What you have to do: Only one stretch of the data below is wanted: the lines from the one with "Clearance Urban Cotton" through the one with "Floating Water Drop", repeated exactly.

Given information:
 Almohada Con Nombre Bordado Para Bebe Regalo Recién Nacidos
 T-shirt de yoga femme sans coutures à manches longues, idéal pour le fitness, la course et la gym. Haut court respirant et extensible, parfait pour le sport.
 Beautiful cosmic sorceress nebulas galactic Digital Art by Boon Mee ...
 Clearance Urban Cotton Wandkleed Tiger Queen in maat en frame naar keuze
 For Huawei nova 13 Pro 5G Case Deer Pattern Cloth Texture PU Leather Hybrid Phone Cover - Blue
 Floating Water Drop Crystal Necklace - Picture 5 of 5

* * *

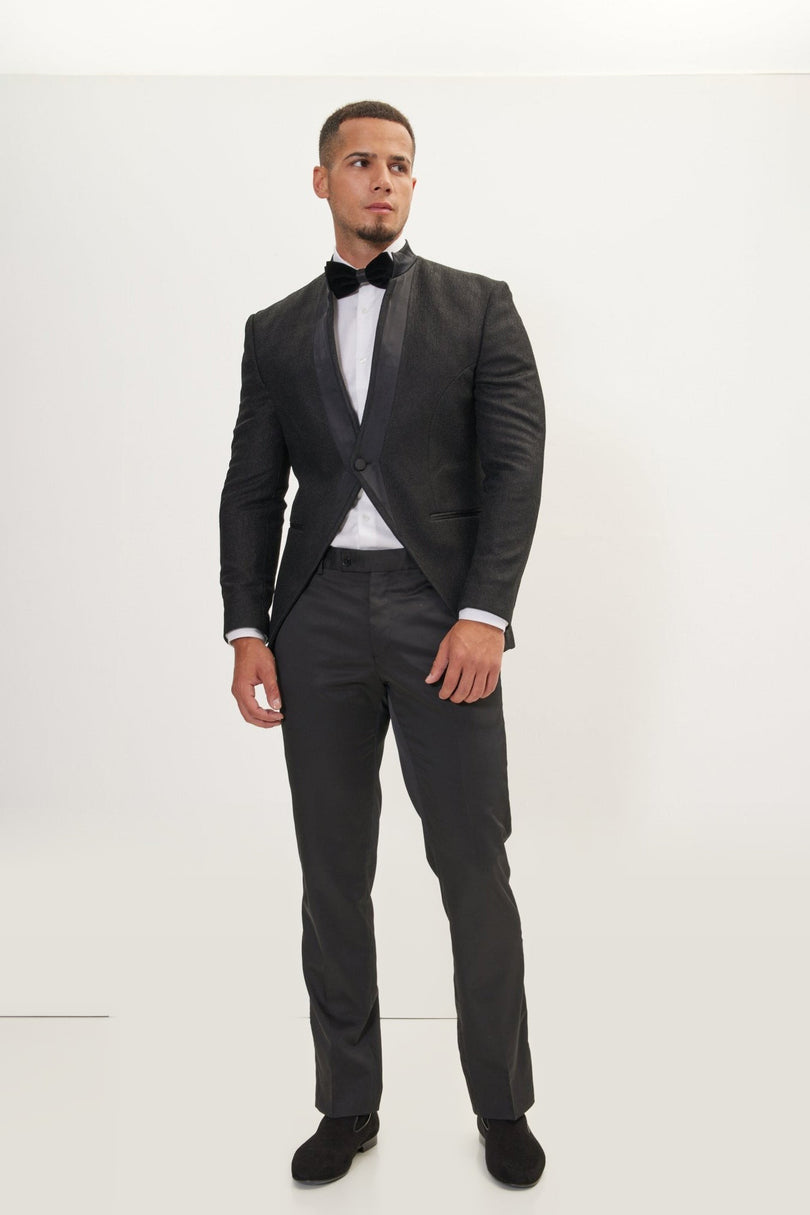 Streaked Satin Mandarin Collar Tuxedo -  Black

---

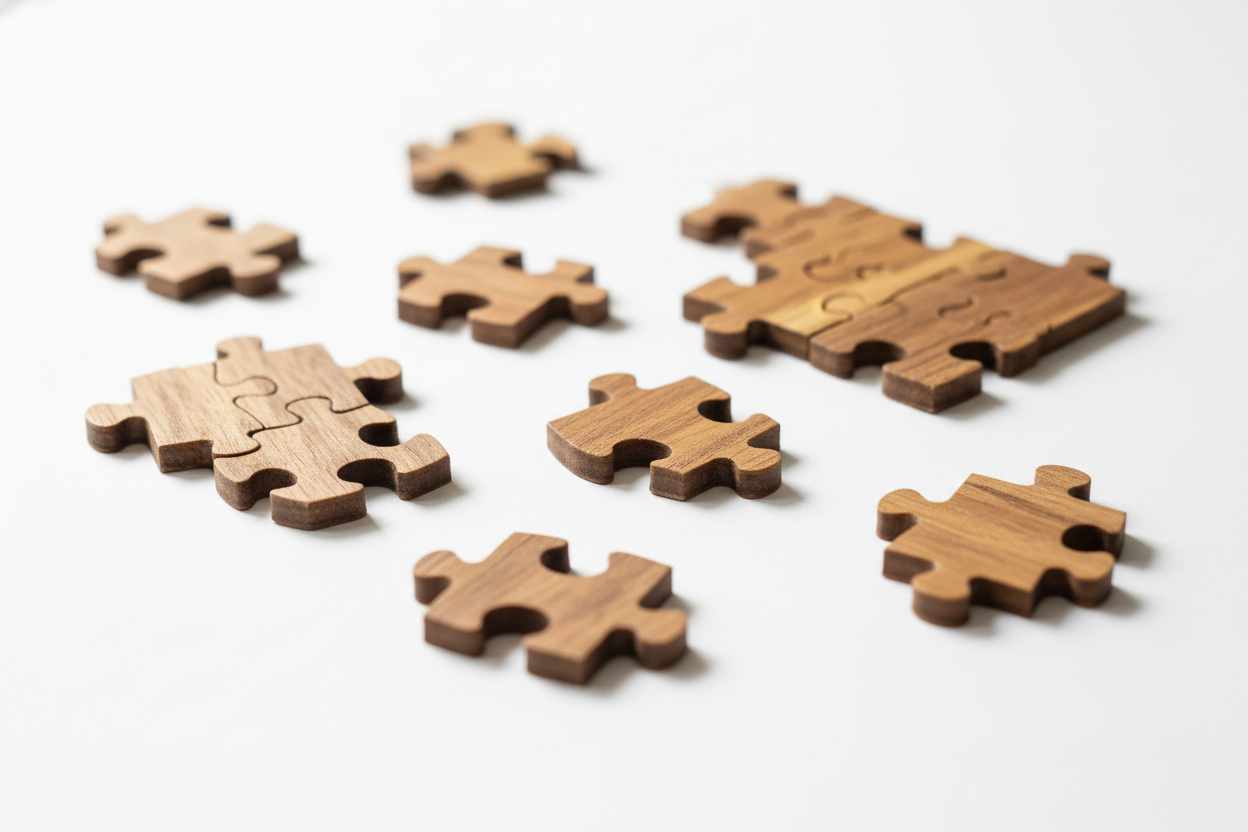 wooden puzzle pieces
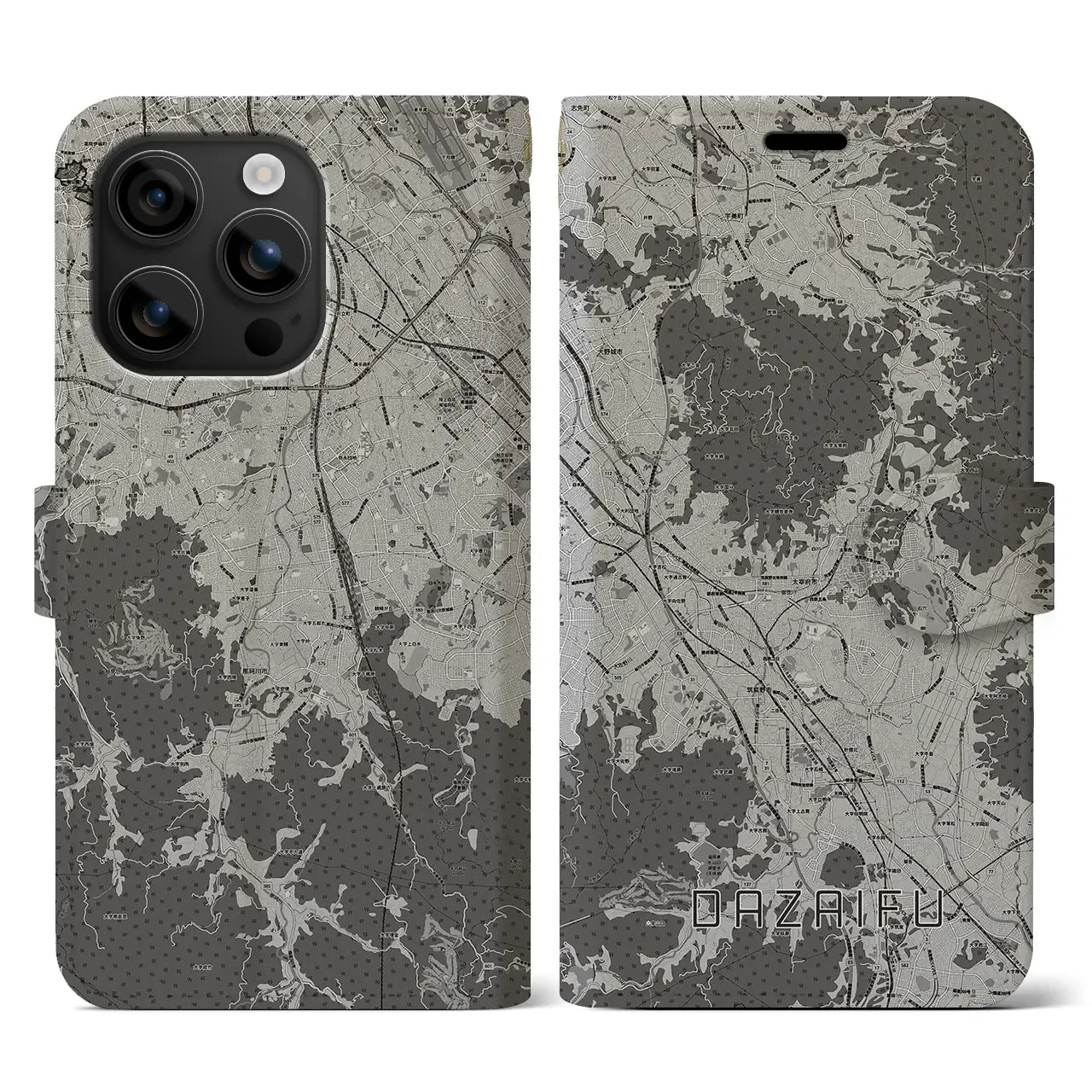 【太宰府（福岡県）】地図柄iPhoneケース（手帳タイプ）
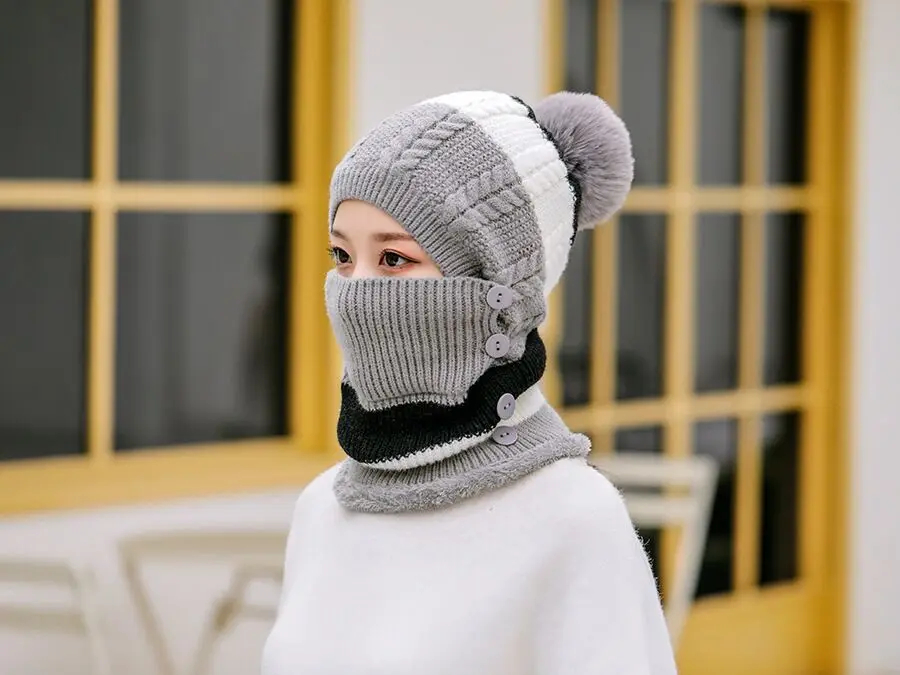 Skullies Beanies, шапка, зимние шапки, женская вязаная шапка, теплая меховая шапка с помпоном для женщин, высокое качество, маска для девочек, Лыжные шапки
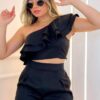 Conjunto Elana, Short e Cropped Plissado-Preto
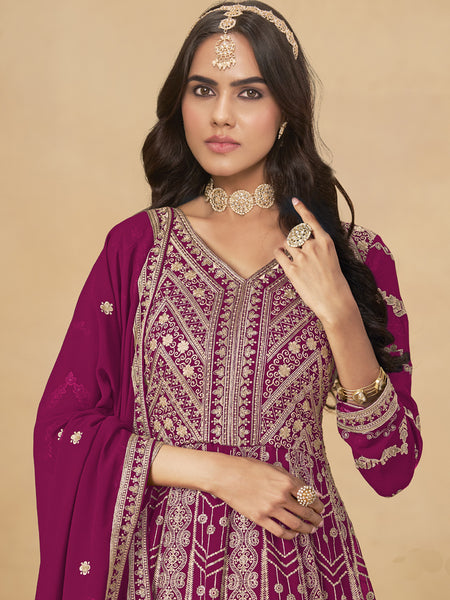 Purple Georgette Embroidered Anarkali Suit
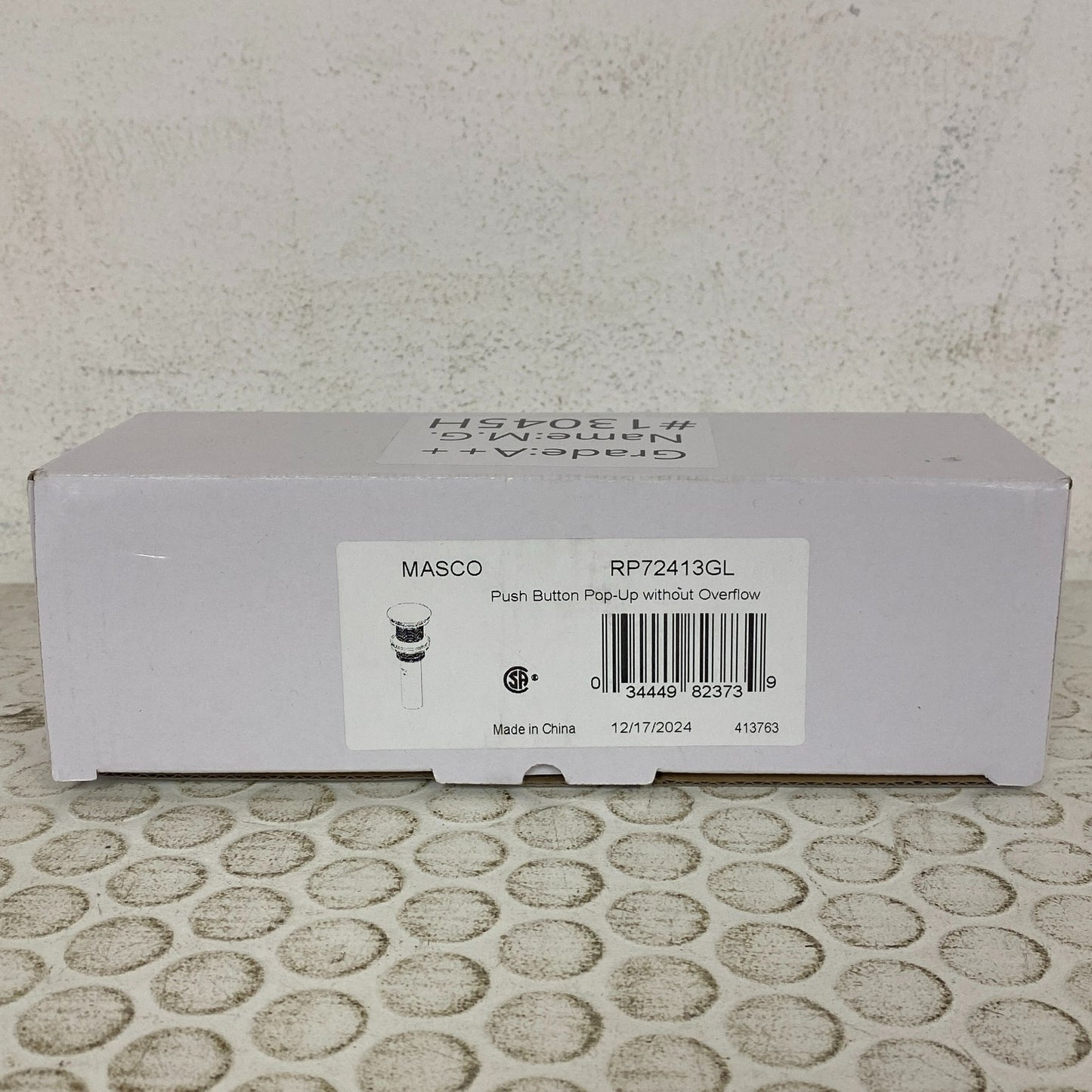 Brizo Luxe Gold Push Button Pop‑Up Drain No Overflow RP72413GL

Your solution:
 Clearance Urban Cotton Wandkleed Tiger Queen in maat en frame naar keuze
 For Huawei nova 13 Pro 5G Case Deer Pattern Cloth Texture PU Leather Hybrid Phone Cover - Blue
 Floating Water Drop Crystal Necklace - Picture 5 of 5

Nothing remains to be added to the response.